24. Income tax

Income tax 1 January– 31 December 2016 1 January– 31 December 2015
Gross profit (consolidated) 3,031 2,944
CIT rate (or range of rates) for the country of the registered office of the parent entity (%) 19% 19%
Income tax which would be calculated as the product of the gross book profit of the entities and the CIT rate for the country for the registered office of the parent entity 576 559
Differences between the income tax calculated above and the income tax recognized in the statement of profit or loss: 38 42
- financial institutions tax 75  
- profit from bargain acquisition of the core Business of Bank BPH (96)  
- reserves for credit receivables in the part not covered by deferred tax 26  
- valuation of financial assets (66) 8
- valuation of investment property 1 3
- created/reversed impairment losses on receivables not classified as tax deductible expenses 37 12
- other created/reversed provisions and impairment losses on assets, not classified as tax deductible expenses 19 45
- prudential fee to BGF 5  
- differences from different tax rates (3) (3)
- tax on insurance activities in Ukraine 4 4
- depreciation 1 2
- other tax increases, cancellations, exemptions, deductions and reductions 35 (29)
Income tax recognized in the statement of profit or loss 614 601

Total current and deferred tax 1 January– 31 December 2016 1 January– 31 December 2015
1. Recognized in the statement of profit or loss, including: 614 601
- current tax 787 483
- deferred tax (173) 118
2. Recognized in other comprehensive income, including: (39) 3
- current tax - -
- deferred tax (39) 3

Regulations concerning corporate income tax, personal income tax, value added tax and contributions to social security undergo relatively frequent changes.
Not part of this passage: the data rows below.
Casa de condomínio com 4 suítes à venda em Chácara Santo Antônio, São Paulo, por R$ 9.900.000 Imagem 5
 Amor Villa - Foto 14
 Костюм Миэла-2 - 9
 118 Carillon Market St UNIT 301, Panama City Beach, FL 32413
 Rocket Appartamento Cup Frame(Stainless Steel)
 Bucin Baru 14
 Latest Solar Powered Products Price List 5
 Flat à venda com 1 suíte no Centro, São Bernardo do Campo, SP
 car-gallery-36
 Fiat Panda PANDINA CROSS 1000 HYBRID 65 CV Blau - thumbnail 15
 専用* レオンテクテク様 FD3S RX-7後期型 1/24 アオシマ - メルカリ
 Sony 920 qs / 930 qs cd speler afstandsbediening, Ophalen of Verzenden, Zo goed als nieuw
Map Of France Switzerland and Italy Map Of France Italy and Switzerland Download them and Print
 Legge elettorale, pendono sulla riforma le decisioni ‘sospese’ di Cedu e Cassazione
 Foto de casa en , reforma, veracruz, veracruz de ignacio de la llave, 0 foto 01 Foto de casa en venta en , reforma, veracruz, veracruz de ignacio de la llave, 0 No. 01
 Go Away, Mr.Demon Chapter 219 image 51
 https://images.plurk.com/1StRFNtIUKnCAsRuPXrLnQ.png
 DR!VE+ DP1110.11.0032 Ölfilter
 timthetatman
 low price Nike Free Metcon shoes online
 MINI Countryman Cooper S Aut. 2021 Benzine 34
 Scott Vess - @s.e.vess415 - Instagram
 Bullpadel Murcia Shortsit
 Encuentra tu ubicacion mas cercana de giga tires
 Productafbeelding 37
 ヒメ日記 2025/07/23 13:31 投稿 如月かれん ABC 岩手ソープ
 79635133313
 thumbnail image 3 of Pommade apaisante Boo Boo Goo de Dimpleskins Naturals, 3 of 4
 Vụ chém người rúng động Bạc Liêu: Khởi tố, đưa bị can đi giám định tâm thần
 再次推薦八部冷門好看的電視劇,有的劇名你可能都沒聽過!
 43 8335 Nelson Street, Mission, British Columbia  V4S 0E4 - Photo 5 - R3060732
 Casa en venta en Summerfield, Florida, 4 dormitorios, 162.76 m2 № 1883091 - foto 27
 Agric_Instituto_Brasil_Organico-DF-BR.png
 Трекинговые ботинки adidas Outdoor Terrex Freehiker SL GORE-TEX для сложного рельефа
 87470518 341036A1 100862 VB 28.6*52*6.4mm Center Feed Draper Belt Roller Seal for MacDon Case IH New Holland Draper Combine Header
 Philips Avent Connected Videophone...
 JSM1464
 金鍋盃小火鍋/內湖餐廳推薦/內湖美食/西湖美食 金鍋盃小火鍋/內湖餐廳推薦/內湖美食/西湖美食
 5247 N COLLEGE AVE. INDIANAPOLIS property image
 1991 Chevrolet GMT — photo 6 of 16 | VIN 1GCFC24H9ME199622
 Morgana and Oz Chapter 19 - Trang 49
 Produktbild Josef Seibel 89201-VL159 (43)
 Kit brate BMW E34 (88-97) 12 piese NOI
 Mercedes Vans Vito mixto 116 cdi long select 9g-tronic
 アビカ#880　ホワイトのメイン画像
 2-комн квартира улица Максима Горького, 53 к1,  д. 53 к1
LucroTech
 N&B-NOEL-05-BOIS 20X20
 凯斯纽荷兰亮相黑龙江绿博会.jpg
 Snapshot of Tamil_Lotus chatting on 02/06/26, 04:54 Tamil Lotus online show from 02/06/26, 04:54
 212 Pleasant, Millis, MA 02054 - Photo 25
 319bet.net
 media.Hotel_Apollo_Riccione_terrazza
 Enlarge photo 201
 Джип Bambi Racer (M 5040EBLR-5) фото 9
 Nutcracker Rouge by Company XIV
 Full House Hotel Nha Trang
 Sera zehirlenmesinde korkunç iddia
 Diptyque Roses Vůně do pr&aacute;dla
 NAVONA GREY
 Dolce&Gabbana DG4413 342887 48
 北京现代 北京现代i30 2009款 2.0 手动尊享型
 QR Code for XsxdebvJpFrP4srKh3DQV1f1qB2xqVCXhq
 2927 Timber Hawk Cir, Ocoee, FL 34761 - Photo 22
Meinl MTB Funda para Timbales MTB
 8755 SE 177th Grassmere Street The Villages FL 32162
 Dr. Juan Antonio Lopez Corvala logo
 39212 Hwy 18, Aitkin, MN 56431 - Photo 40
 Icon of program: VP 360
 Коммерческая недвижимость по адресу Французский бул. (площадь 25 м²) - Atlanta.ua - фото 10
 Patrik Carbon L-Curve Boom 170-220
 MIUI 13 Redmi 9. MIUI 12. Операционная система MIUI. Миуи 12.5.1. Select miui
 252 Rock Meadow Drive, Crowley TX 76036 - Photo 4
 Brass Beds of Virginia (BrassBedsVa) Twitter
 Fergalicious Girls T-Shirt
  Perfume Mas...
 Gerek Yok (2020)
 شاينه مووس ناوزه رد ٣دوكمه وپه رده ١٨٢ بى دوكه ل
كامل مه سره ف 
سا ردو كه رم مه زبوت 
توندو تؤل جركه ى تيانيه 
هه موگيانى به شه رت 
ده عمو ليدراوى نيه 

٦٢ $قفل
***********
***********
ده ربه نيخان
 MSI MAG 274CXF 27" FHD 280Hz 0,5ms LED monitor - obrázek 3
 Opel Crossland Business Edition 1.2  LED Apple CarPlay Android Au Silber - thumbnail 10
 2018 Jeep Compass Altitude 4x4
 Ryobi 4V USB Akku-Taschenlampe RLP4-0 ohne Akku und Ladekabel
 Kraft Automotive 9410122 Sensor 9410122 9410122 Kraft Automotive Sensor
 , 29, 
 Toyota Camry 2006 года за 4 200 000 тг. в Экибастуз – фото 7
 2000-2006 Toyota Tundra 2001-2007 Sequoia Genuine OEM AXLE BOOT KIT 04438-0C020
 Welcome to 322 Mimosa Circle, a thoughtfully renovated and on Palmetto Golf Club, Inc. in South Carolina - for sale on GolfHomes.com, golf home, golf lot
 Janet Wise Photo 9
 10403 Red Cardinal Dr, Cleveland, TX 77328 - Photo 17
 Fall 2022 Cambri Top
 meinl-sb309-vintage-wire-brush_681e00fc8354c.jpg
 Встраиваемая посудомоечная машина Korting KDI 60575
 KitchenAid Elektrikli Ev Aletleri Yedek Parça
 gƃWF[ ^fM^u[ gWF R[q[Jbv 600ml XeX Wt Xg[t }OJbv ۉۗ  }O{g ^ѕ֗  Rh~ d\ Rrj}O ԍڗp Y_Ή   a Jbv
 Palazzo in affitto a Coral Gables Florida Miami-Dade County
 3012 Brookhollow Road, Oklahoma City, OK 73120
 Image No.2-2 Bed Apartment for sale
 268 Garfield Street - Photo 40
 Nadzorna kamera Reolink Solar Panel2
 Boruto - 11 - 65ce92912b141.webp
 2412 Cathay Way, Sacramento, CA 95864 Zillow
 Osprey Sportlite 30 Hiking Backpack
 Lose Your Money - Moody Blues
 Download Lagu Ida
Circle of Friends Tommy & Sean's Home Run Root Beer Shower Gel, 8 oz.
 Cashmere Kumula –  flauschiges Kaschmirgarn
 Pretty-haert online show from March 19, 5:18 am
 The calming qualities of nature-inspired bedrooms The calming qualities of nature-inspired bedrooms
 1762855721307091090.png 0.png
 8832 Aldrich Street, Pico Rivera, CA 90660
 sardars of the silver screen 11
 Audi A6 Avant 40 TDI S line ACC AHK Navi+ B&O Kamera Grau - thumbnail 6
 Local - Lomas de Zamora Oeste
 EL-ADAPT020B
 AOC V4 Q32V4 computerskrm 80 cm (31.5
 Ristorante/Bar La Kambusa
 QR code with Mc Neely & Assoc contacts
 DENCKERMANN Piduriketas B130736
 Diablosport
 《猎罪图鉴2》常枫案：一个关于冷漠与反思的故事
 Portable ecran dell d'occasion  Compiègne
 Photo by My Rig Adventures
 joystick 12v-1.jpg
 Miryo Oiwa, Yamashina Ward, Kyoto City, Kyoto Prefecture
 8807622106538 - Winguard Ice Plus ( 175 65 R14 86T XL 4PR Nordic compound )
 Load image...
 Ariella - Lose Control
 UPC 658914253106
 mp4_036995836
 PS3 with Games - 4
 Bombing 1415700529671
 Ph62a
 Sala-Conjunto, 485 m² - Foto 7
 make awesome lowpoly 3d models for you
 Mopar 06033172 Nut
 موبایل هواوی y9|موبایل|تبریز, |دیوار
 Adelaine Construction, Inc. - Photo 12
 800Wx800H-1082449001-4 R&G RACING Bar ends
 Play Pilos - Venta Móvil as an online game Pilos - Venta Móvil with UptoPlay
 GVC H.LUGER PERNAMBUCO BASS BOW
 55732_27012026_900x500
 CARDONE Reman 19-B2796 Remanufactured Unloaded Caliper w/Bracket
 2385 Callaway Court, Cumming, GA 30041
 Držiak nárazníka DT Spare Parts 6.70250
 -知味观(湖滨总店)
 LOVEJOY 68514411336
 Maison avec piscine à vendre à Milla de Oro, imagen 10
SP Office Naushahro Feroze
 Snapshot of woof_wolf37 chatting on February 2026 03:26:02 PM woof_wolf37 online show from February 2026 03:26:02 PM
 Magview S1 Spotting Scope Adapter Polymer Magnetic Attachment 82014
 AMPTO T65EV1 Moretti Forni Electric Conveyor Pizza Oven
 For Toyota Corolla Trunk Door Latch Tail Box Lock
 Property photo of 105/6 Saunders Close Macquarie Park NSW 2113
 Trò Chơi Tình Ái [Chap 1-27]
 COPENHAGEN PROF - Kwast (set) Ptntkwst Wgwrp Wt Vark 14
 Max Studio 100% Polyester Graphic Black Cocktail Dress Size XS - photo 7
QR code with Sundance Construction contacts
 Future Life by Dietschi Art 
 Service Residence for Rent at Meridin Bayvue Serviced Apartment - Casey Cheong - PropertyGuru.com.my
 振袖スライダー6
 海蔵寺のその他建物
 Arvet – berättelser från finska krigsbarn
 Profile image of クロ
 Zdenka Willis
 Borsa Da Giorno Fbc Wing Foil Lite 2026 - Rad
The current regulations contain ambiguities which result in a difference in opinions regarding their legal interpretation, both among various State authorities as well as between these authorities and enterprises. Tax and other settlements (e.g. regarding customs duty or foreign currency settlements) may be controlled by authorities authorized to impose high penalties, and additional liability amounts recognized during are to be paid with high interest. As a result, the level of tax risk in Poland, the Baltic states and Ukraine exceeds that of countries with more developed tax systems. In Poland tax returns are subject to control over a period of five years. Consequently, the amounts presented in consolidated financial statements may change at a later date, after they have been finally assessed by tax authorities.